Kris Kobach recently and clumsily unveiled a new way to complete one’s voter registration in Kansas: Sue the secretary of state.
In another questionable move when it comes to voters’ rights, Kobach’s office stepped in to register two Douglas County men who had filed legal action against him earlier this year.
The two citizens have challenged the legality of Kobach’s bid to purge them and others from Kansas’ suspended voters list, which once included 36,000 names.
Don’t misconstrue Kobach’s actions as a conciliatory move. They are clearly intended to head off a judge’s ruling that could topple one of the secretary of state’s signature efforts to make voting more difficult in Kansas.

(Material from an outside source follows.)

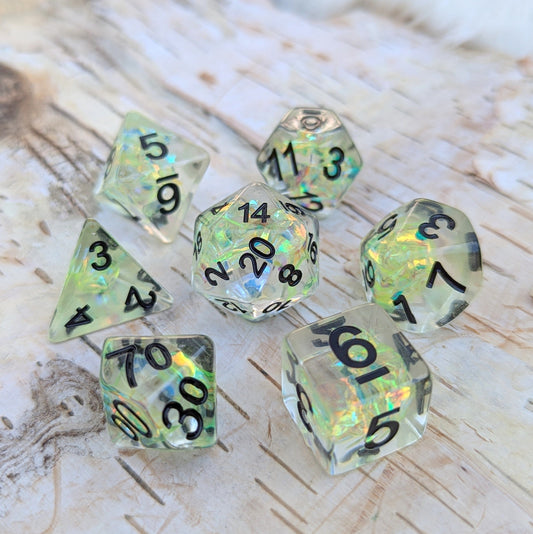 Solar Blade TTRPG Dice Set with iridescent rainbow effects on wooden tabletop.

Kobach has filed a motion asking a federal court to dismiss the lawsuit brought by the two men whom he just registered, arguing that they have no legal standing anymore because they “suffer no current injury.”
Will Lawrence, an attorney for the men, aptly summed things up this way: “Obviously we are happy that our two clients are registered to vote, but it’s more than these two individuals who are being affected. If Kobach can just go in and get this done, why not do this for everyone?”
Good question. If the Republican secretary of state is so intent on making sure people eligible to vote can do so, why can’t his office work a little harder to get as many people as possible off the suspended voters list?
Sadly, Kobach’s demagoguery on this issue makes it appear he would be happy if his threats and bullying kept certain people — especially students, minorities, low-income citizens and Democrats — out of the voting booth.
Kobach helped create the suspended voters list that contains the names of people who couldn’t register to vote because they didn’t have all the paperwork the state required, especially proof of citizenship such as with a birth certificate or passport.
That conflicts with federal law, which requires states to make registration forms available at motor vehicle offices. Those forms don’t require the proof of citizenship.
Elected officials should not be trying to make voting more difficult for citizens. Kobach has tried to justify his actions by pointing to the possibility of voter fraud occurring in the state.
However, he has been unable to document many cases despite months of looking for them. And that’s despite his new powers, provided by the Republican-controlled Legislature, to prosecute voter fraud.
The legal system needs to rein in the abuse Kobach is trying to inflict on voter registration in Kansas. The judge should not dismiss the most recent case. Instead, it needs to serve as an example of how Kobach’s attempt to manipulate voters’ right will not be allowed to succeed.